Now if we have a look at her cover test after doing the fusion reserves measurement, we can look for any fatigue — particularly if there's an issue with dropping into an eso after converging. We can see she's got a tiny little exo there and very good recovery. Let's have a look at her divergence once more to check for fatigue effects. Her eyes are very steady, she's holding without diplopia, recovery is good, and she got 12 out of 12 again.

...

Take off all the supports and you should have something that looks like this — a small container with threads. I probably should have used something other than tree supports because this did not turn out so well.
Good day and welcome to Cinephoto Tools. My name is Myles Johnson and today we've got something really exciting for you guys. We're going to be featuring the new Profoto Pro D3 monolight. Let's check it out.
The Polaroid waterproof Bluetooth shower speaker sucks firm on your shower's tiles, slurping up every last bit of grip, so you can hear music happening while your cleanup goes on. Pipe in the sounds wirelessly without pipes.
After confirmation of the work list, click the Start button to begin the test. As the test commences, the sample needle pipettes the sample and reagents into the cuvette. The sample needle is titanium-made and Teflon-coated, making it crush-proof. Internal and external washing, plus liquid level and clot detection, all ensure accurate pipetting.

What you will do -
In the entries above, please find the line with "Good day and" and the line with "The Polaroid waterproof", then write out exactly those two lines and every line between them, and nothing more.

Task answer -
Good day and welcome to Cinephoto Tools. My name is Myles Johnson and today we've got something really exciting for you guys. We're going to be featuring the new Profoto Pro D3 monolight. Let's check it out.
The Polaroid waterproof Bluetooth shower speaker sucks firm on your shower's tiles, slurping up every last bit of grip, so you can hear music happening while your cleanup goes on. Pipe in the sounds wirelessly without pipes.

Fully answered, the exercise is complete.